Thursday, November 29, 2012

LIGHTNING BOLTS, ENCHANTED ISLES... PART TWO

"Mortals worshipped the gods and the gods honored Mother Earth.  They all had sprung from her, for she was the beginning of all life."... Ingri and Edgar Parin D'Aulaire, Book of Greek Myths, 1962
 

Ordinary men in ancient Greek times did their best to avoid speaking of Hades, brother of Zeus and Poseidon...


This was not because he was particularly cruel.  It certainly wasn't because he ruled the hidden treasures of the earth, its gold and silver and the minerals which made men rich.  (He was sometimes called "Pluto" from a word meaning "riches".)  And he was honored by farmers for bringing them agricultural wealth...
Gian Lorenzo Bernini: The Abduction of Proserpina


But Hades was also Lord of the Underworld, the grim place where shades of the dead journey after this life-- the righteous to the blissful Elysian Fields, the ordinary souls who were just as often good as they were bad to the monotony of the Asphodel Meadows where they had no memory of their earthly existence, the wicked to the pit of Tartarus and eternal suffering.  And it was for this reason that men trembled at the mention of his name and that few dared swear oaths invoking his wrath...

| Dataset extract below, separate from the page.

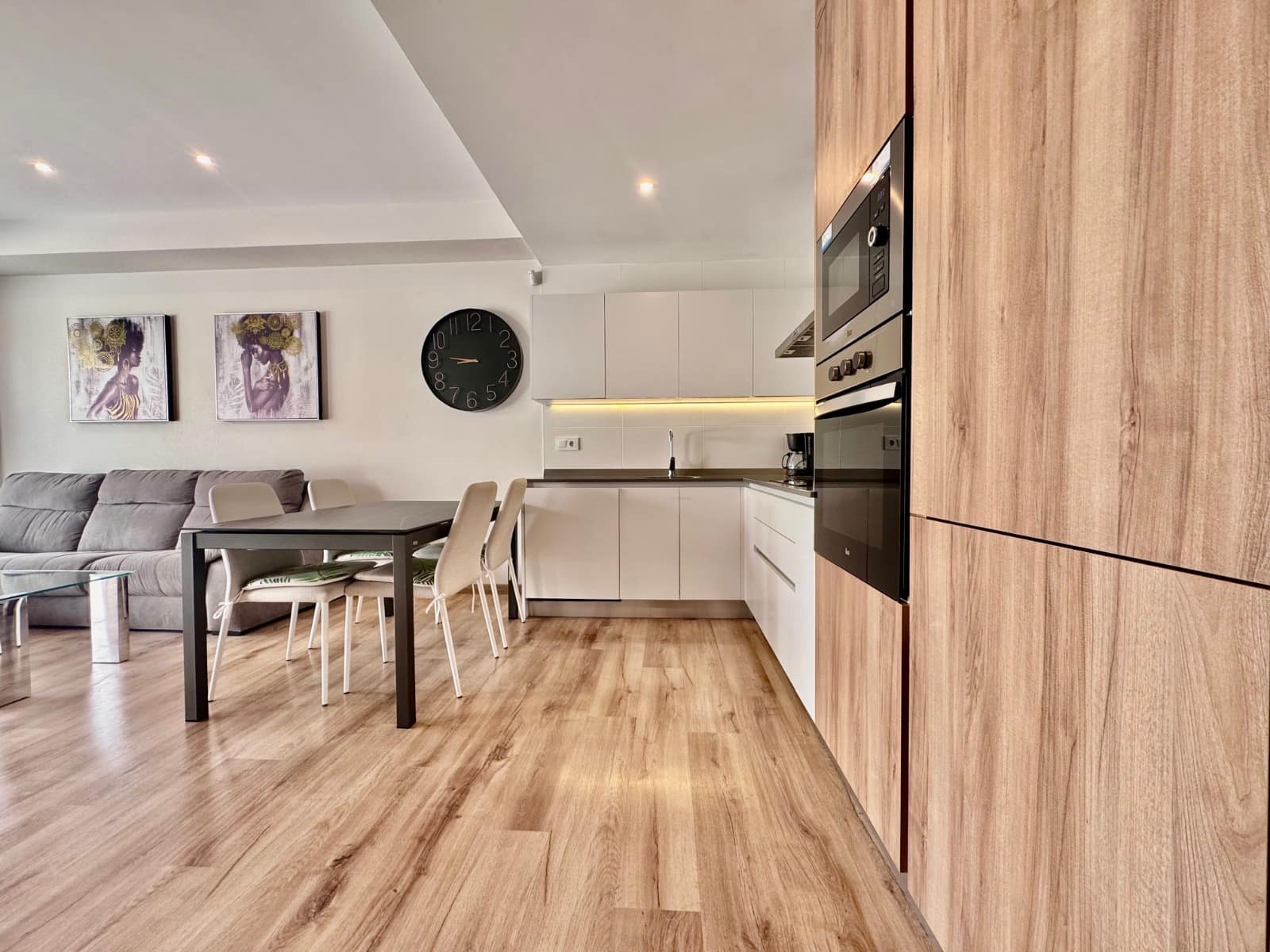 Chalet de 3 habitaciones en San Pedro del Pinatar en venta con piscina - 299.900 € (Ref: 9223337)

Greeks told few stories in which Hades left his gloomy domain.  One occasionally told tale suggested he left to receive treatment for an arrow wound inflicted upon him by the hero Heracles (Hercules).  But it was Hades' abduction of Persephone from the land of the living to become his queen that was known throughout Greece...


Centuries later, Gian Lorenzo Bernini captured the drama of this world-altering event in a work finally completed in 1625.  The sculptor was a versatile artist-- known to us today for his role in the emergence of Roman Baroque architecture in addition to stints as a painter and playwright.  Deeply religious, Bernini used light and shadow to intensify the spiritual experience of those who viewed his work.  Few people can look at his sculpture and not be amazed by his ability to create a sense of fluid motion from stone. 

Tintoretto: Vulcan Surprises Venus and Mars

Critics tell us his Rape of Proserpina (Persephone) unfolds as a narrative in three acts.  From the left, we see the struggle and ultimately futile resistance of Demeter's daughter.  A frontal view shows us Hades entering the underworld with his subdued bride-to-be.  Looking at the sculpture from the right reveals the aftermath of abduction: the tears of a goddess and the inevitability of her future in the darkness of a realm guarded by Cerberus, the three-headed dog who sees that none save his master enter or exit the Underworld...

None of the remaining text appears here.